___ GIVEN DATA ___

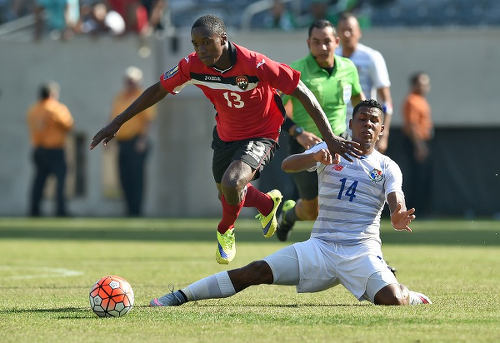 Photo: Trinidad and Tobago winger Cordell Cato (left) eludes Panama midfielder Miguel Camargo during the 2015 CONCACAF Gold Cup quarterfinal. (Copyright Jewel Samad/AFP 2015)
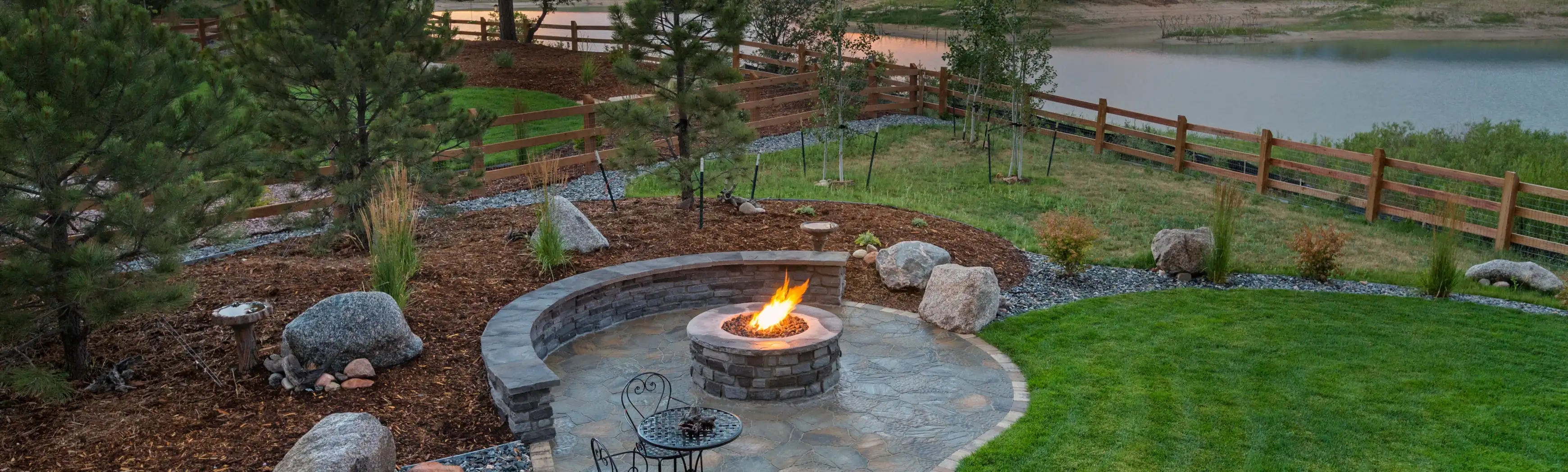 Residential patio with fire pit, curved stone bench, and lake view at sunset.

___
___ GIVEN DATA ___

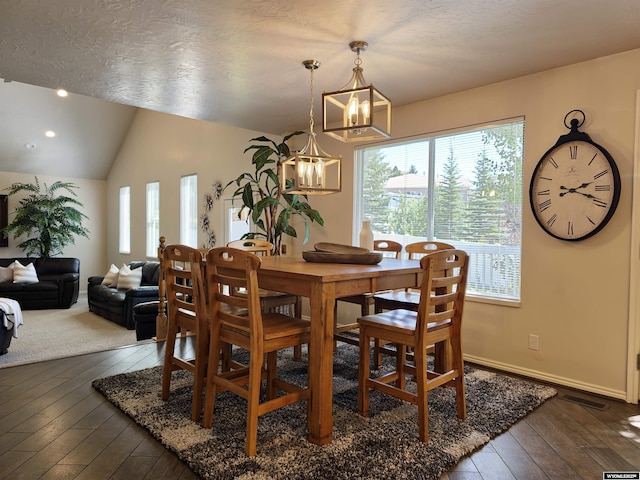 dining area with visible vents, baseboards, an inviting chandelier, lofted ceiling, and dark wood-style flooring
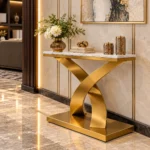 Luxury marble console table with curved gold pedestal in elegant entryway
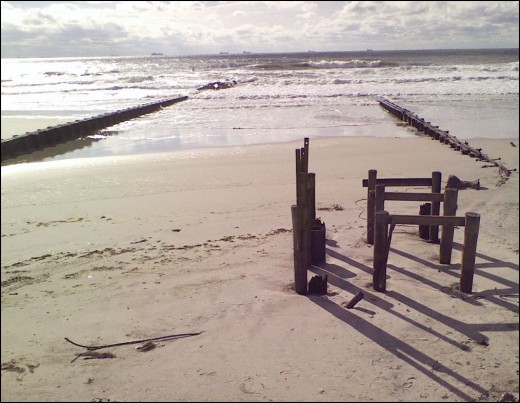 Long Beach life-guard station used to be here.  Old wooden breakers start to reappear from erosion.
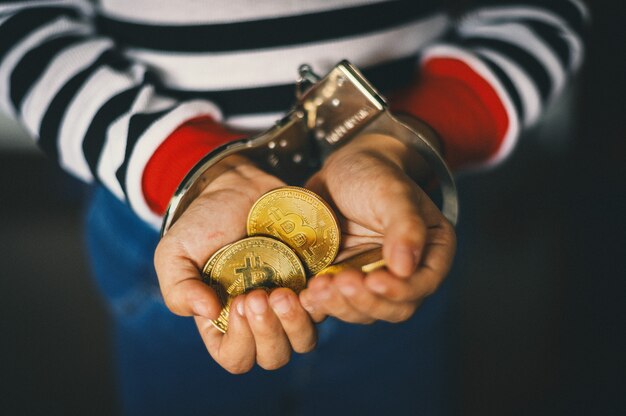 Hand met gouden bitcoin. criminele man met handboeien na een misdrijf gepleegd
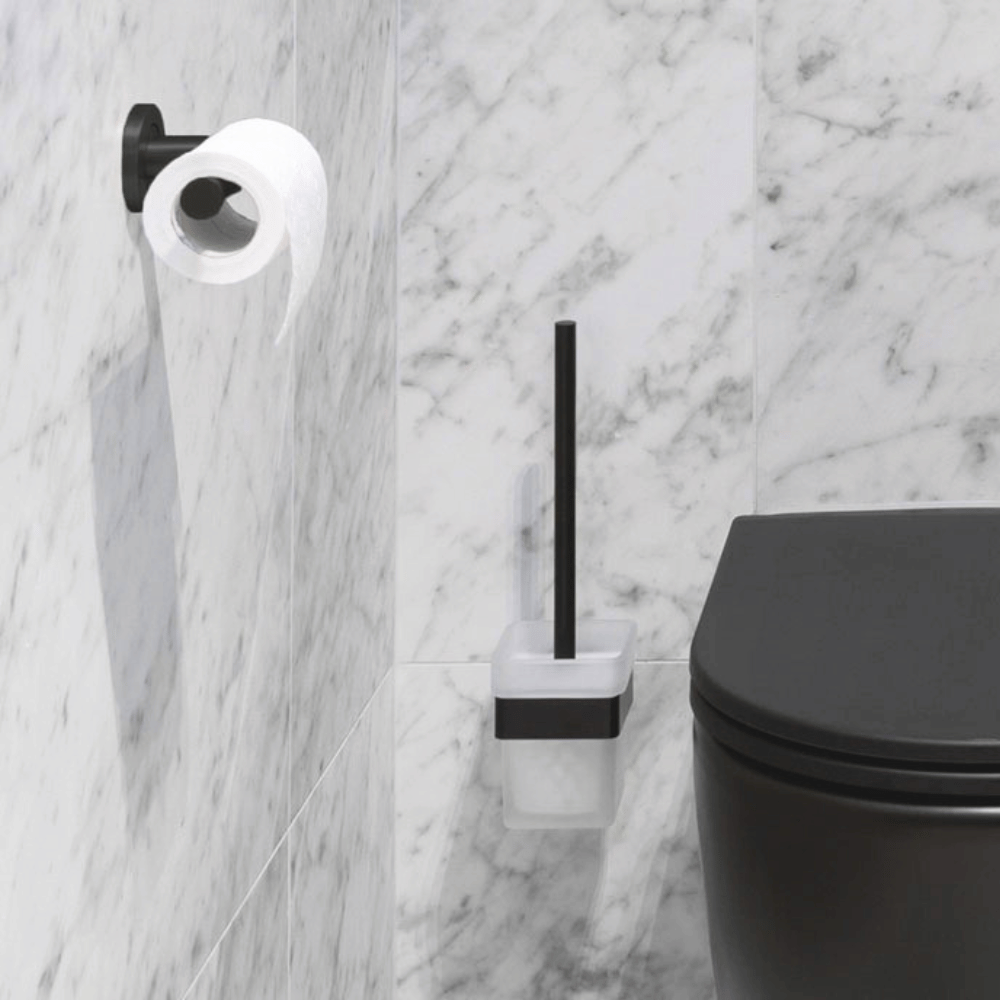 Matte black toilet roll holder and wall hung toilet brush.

___
___ GIVEN DATA ___

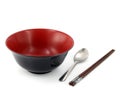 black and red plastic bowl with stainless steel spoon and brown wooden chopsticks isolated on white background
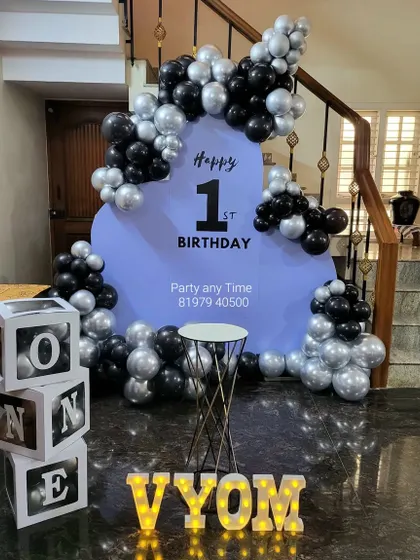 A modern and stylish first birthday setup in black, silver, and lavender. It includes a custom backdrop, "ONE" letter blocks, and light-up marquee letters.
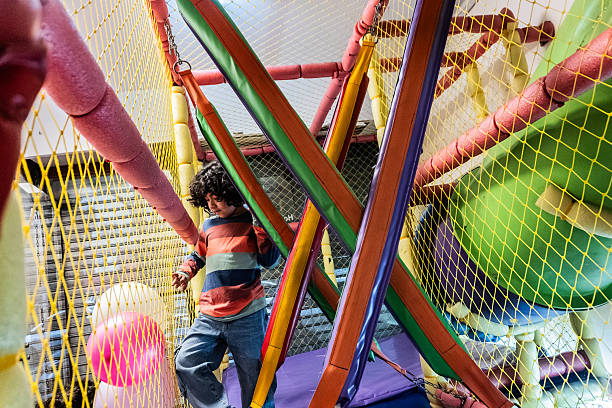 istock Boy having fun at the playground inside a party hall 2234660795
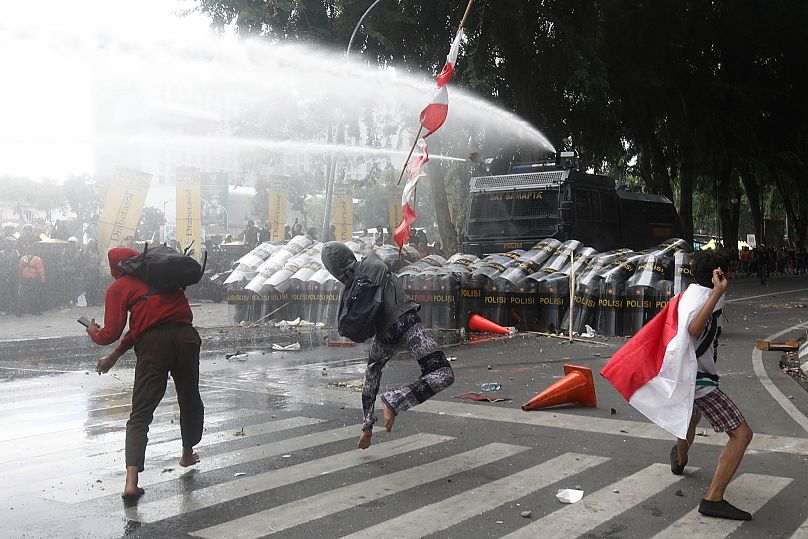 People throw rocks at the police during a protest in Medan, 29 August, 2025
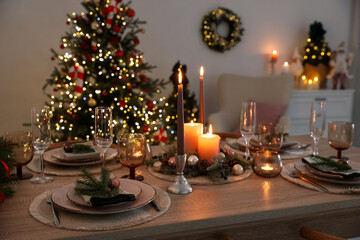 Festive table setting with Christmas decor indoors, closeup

___

WORK REQUEST:
Nothing but the lines from the one with "Hand met gouden" up to and including the one with "Matte black toilet" should be printed, exactly as they read above. Please keep the pictures out.

RESPONSE AREA:
 Hand met gouden bitcoin. criminele man met handboeien na een misdrijf gepleegd
 Matte black toilet roll holder and wall hung toilet brush.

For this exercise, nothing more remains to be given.